# YouTube Sri Lankan Content Analysis

This notebook demonstrates exploratory data analysis of YouTube videos from Sri Lankan channels using the collected and processed data.

## Setup and Data Loading

In [None]:
import pandas as pd
import numpy as np
import matplotlib.pyplot as plt
import seaborn as sns
import plotly.express as px
import plotly.graph_objects as go
from plotly.subplots import make_subplots
import warnings
warnings.filterwarnings('ignore')

# Set style
plt.style.use('seaborn-v0_8')
sns.set_palette("husl")

# Display options
pd.set_option('display.max_columns', None)
pd.set_option('display.width', None)
pd.set_option('display.max_colwidth', 50)

In [None]:
# Load processed data
import sys
import os
sys.path.append('../scripts')

from utils import load_from_csv

# Load the most recent processed data file
processed_files = [f for f in os.listdir('../data/processed') if f.startswith('processed_videos_') and f.endswith('.csv')]

if processed_files:
    latest_file = max(processed_files)
    df = load_from_csv(f'../data/processed/{latest_file}')
    print(f"Loaded {len(df)} videos from {latest_file}")
    print(f"Dataset shape: {df.shape}")
else:
    print("No processed data files found. Please run process_data.py first.")
    # Create sample data for demonstration
    df = pd.DataFrame({
        'video_id': ['sample_1', 'sample_2'],
        'title': ['Sample Video 1', 'Sample Video 2'],
        'view_count': [1000, 2000],
        'like_count': [50, 100],
        'comment_count': [10, 20]
    })

## Data Overview

In [None]:
# Basic information about the dataset
print("Dataset Info:")
print(f"Total videos: {len(df)}")
print(f"Total features: {len(df.columns)}")
print(f"Memory usage: {df.memory_usage(deep=True).sum() / 1024**2:.2f} MB")

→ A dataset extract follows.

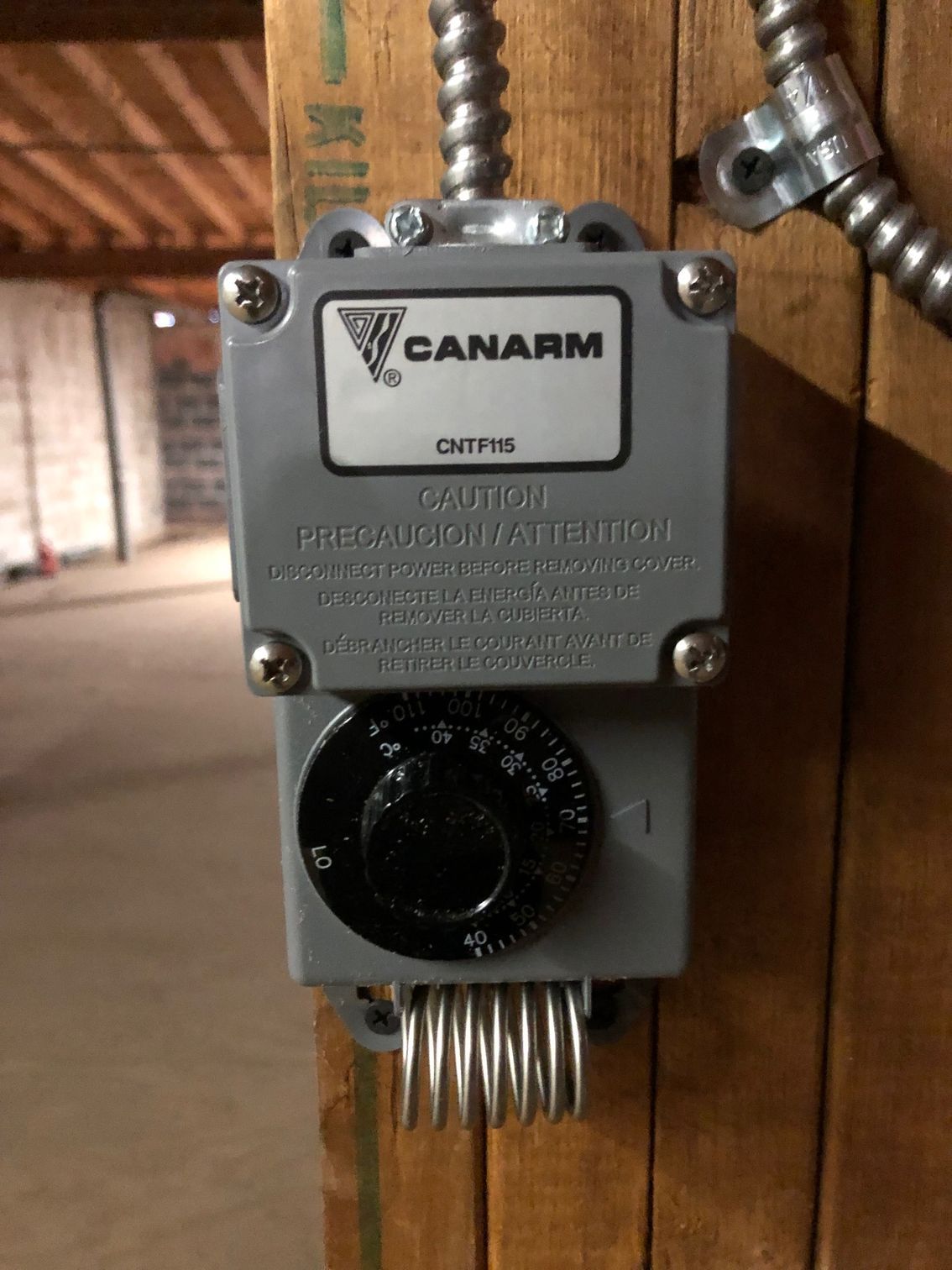 a canarm thermostat is mounted on a wooden wall
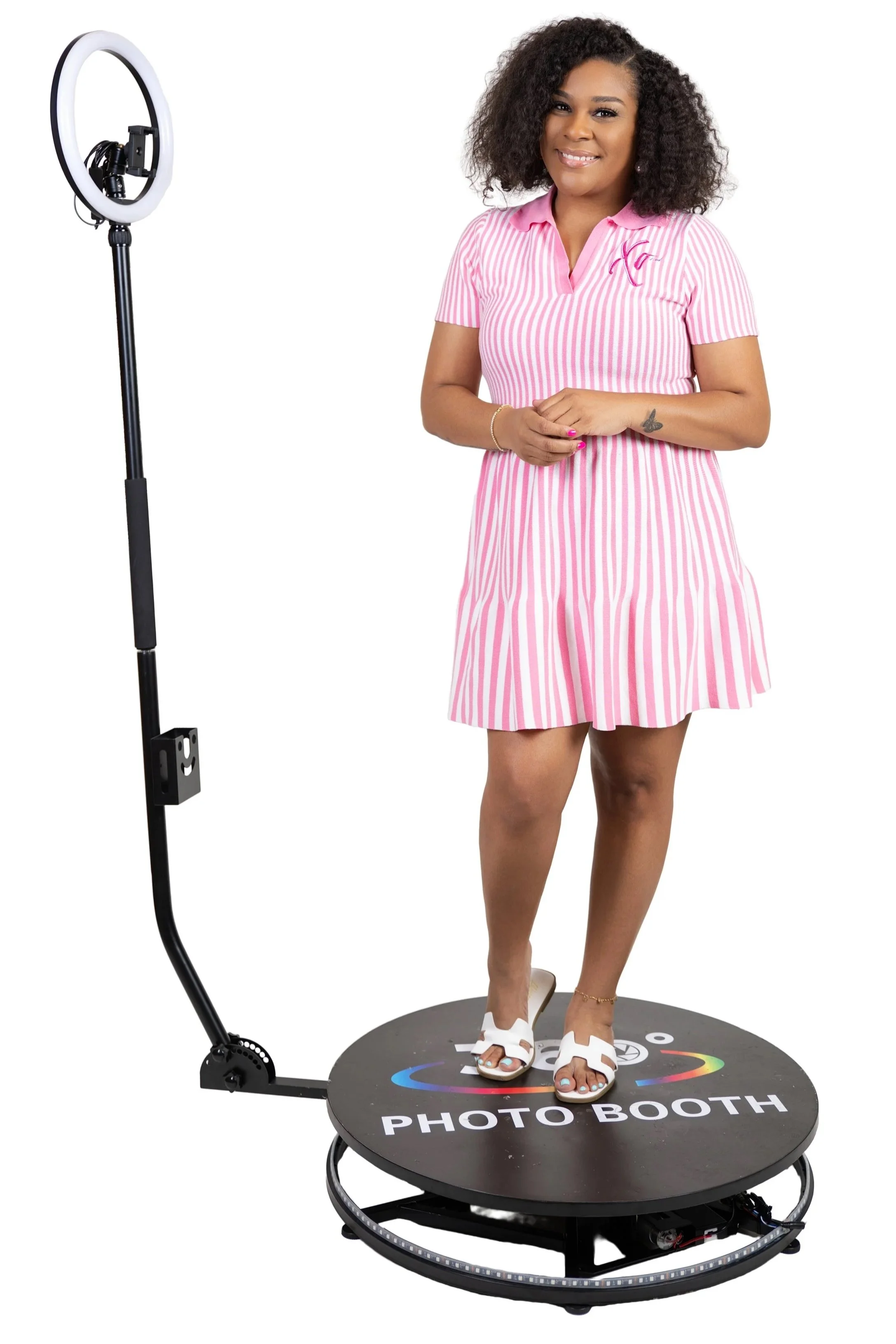 A woman in a pink and white striped dress stands on a circular photo booth platform with a ring light on a stand next to her.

if 'published_at' in df.columns:
    df['published_at'] = pd.to_datetime(df['published_at'])
    print(f"Date range: {df['published_at'].min()} to {df['published_at'].max()}")

print("\nColumn types:")
print(df.dtypes.value_counts())

In [None]:
# Display first few rows
df.head()

In [None]:
# Basic statistics for numeric columns
numeric_cols = df.select_dtypes(include=[np.number]).columns
df[numeric_cols].describe()

## Summary

This notebook provides a comprehensive analysis of YouTube video performance for Sri Lankan content. The analysis includes:

- **Channel Category Analysis**: Distribution and performance across different content categories
- **Engagement Metrics**: Views, likes, comments, and engagement ratios
- **Temporal Patterns**: Publishing times and their impact on performance
- **Content Analysis**: Title characteristics and their correlation with success

Use this analysis to understand trends in Sri Lankan YouTube content and optimize content strategy.